Ruby Ridge was a location near Naples, Idaho where there was an eleven-day siege by the United States Marshalls and the FBI of the family of Randy Weaver as well as a friend, Kevin Harris. It resulted in a shoot out and deaths of a deputy Marshall, Randy’s wife, the Weaver’s son and the family dog. It was ended by negotiation and followed by a variety of charges against Weaver and Harris including first degree murder.
Spence told the story and the Randy Weaver case about a conspiracy – a conspiracy in which all members of the jury were characters depicted as potential victims of the federal government or the new Gestapo. They killed the mother and shot a boy and who knows what they will do next if they are not stopped.

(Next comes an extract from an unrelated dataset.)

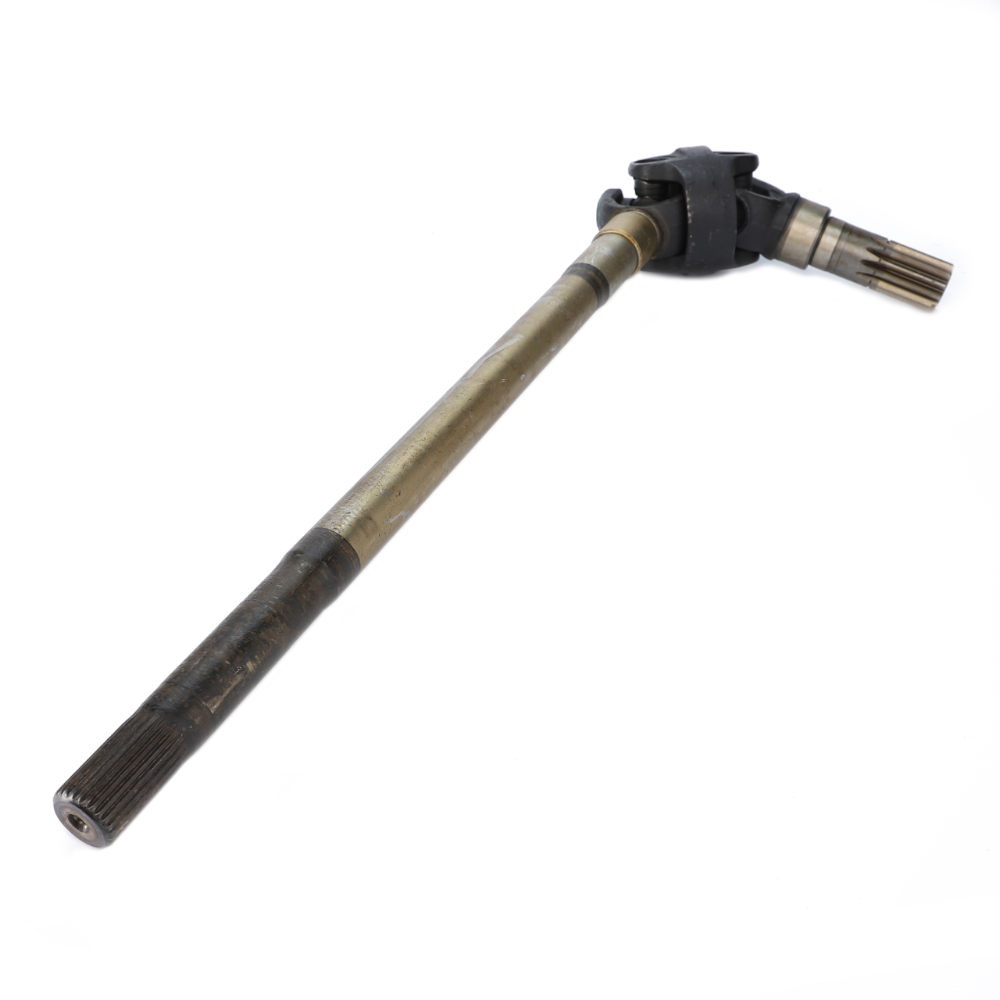 КАРДАННЫЙ ВАЛ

In the Ruby Ridge case the theme of the closing narrative was a quote from Thomas Jefferson: “Eternal vigilance is the price of liberty.” The general focus was that all citizens of the United States must honor the Constitution and protect liberty from attack. Spence told the jury: “That’s why the Constitution was made.” His argument was that his client Weaver had been entrapped by the very individuals who had sworn to uphold the Constitution. He challenged the jurors to be vigilant and preserve “justice and truth in tje future only for this country, but for the Weaver family.” He claimed the case was a “watershed case” and that the juror’s grandchildren were going to be part of the victory. Thus, all Americans were included in Spence’s closing narrative conspiracy theme.
Spence began his argument with “I want to tell you a story.” In this story Dr. Gross notes that Spence’s closing narrative contained three categories of characters: The perpetrators, the victims and the narrator\lawyer. The perpetrators included members of the FBI and government officers involved. The victims included Weaver and members of his family including his wife, his son as the family dog. Spence played himself as the narrator. He told the jury that he, along with members of the jury, would carry on something “permanent, magnificent and lasting” while depicting himself as a country lawyer.
He depicted Weaver is someone who had, like everybody else, used bad judgment. For example, during the argument he said to the jury:
“We are all guilty of using poor judgment. When I get through here, Imaging, this is my wife, , over here, the one who smiled at me, would you just stand up Imaging? I want the jury to see you. We’ve been married for a long time. When I get home, she’s going to say to me you used poor judgment. You shouldn’t have had me stand up like that, and she’s going to say a lot of other things about my poor judgment. But that does not mean that I’m a criminal.”
He included short anecdote narratives to illustrate his theme and his claim Weaver had been set up by the authorities:
“I will tell you what it’s like. It’s like if there is a cop that wants to get you. You know in a little town in cop wants to get you and you stop at a stoplight. The cop runs into the back of the car . . Now it’s his fault. You were stopped properly, but what does he do? He charges you with everything but the kitchen sink.”
He noted that while Weaver may have used bad judgment, the federal agencies involved used grossly bad judgment by violating the Constitution and all the laws of the state of Idaho and then his wife and his son plus even the family dog.
His selection of the phrase: the “cop who wants to get you.” and the anecdote supported his theme. He used phrases like “we” which included Spence, the jurors and everyone other than the government.
His summation was characterized by its overall simplicity despite the length of 2 ½ hours. He ended the “watershed case” by telling the jury it was in the hands of the jurors. He told them that:
“Justice and truth in the future for not only this country but this family is in your hands.”
Harris was acquitted of all charges, and Weaver was subsequently acquitted of all charges except for the original bail condition violation for the arms charges and for having missed his original court date. He was fined $10,000 and sentenced to 18 months in prison. He was credited with time served plus an additional three months. He was then released.
Words can be powerful. When events are described as a story, they are compelling as well as powerful. The lawyer’s role is to see the case as a big picture and identify the primary positive as well as negative driving issues. As the story teller it is his or her job to then create a simple, overall narrative of the occurrence told from the perspective of their client’s claim and not told as a chronology. Nor is it a recitation of detail. It is not a summary of evidence. It is a story. A story about what happened that was an injustice to our client.
It requires a very different perspective of presentation that we were taught in law school. That’s because we were taught people reason to conclusions by summarizing the evidence and deciding the most logical or weightier side. But, science has shown that’s not how they decide. People form stories in their minds with a story that has a beginning, middle and end. They decide moral issues of who was right and who was wrong. They form impressions about the characters and the facts, but in story form because that’s how human beings are hard wired. So, let’s tell the jury our client’s story if we want to win our case.